Still Not Time To Open Long Positions In The Market - Tactical Investor
Still Not Time To Open Long Positions In The Market

Still Not Time To Open Long Positions In The Market

Article is based in part from data  extracted from the August 26, 2011 Market Update

V readings have moved up another 15 points to put in yet another all time new high clearly indicating that this volatile action is not going to stop anytime soon. In fact the ride could get even wilder.  For the record, extremely volatile action hardly takes place when a market is getting ready to trade to new highs.  This type of action is most likely to occur during strong corrective phases.   This action is seen pretty clearly in the chart below.

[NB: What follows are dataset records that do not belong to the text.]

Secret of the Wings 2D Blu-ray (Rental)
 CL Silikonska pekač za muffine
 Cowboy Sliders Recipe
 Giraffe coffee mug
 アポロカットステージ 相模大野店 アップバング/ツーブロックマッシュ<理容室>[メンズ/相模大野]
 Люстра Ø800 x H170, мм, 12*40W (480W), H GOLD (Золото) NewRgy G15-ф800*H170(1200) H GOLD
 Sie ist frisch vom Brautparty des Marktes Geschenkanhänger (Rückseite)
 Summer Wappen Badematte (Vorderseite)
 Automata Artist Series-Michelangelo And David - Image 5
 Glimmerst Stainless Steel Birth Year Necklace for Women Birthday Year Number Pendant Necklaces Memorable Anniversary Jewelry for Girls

We stated several times over the past few weeks that we felt the market would put in some sort of bottom around October.  Whether this bottom holds or not remains to be seen; the current pattern suggests that the bottom will not hold, but the Dow could mount a rather strong rally in October.  Take a look at the chart below for it appears that this pattern could be repeated again.


The Dow first bottomed in Oct of 2008 (coincidentally that’s the same month we expect the Dow to attempt to put in a bottom) and mounted a rather strong rally. It rallied from 8000 all the way to 9500; a gain of almost 20%. It then shed all these gains and some and put in another bottom in Dec 2008.  Once again it rallied strongly, from 7500 to 9000; a gain of 20%.  Once again the bottom failed to hold and the Dow dropped all the way to 6464 before finally putting in a multi month bottom in March of 2009.

Now history never repeats itself exactly, but it does come pretty close.  Thus the Dow is likely to put in some sort of bottom in October that could lead to a strong rally, but this rally could  fail, unless the pattern changes.  We will be able to make a better call once the rally is in play.

The Dow is more likely to put in a stronger bottom in 2012 than in 2011.  The question then for 2012 will be whether this bottom will lead to another 2 year rally. Again the current pattern is indicating that this is unlikely, but potentially the Dow could rally for several months if it manages to put in a bottom formation next year.


Moving average

New Highs

New lows
100 day35180
I year20105

20 day moving average of new lows = 4615    (New all time Record set on Sept 16th 2008).

1 year moving average of new highs = 10       (New all time low set on Nov 25th 2008)

1 year moving average of new lows= 2225      (New all time Record set on Sept 16,)

Despite mounting a rather strong rally after testing the 10,600 ranges, all 3 moving averages of new highs still remain weak.  This indicates that there is at least one more selling wave before a trad-able bottom is in place.  Our advice therefore would be to wait for another sell off before opening up long positions.  We also feel that 2012 will offer far better prospects than 2011.

As one more corrective wave is expected before a bottom takes hold, it is still not time to open long positions in the market.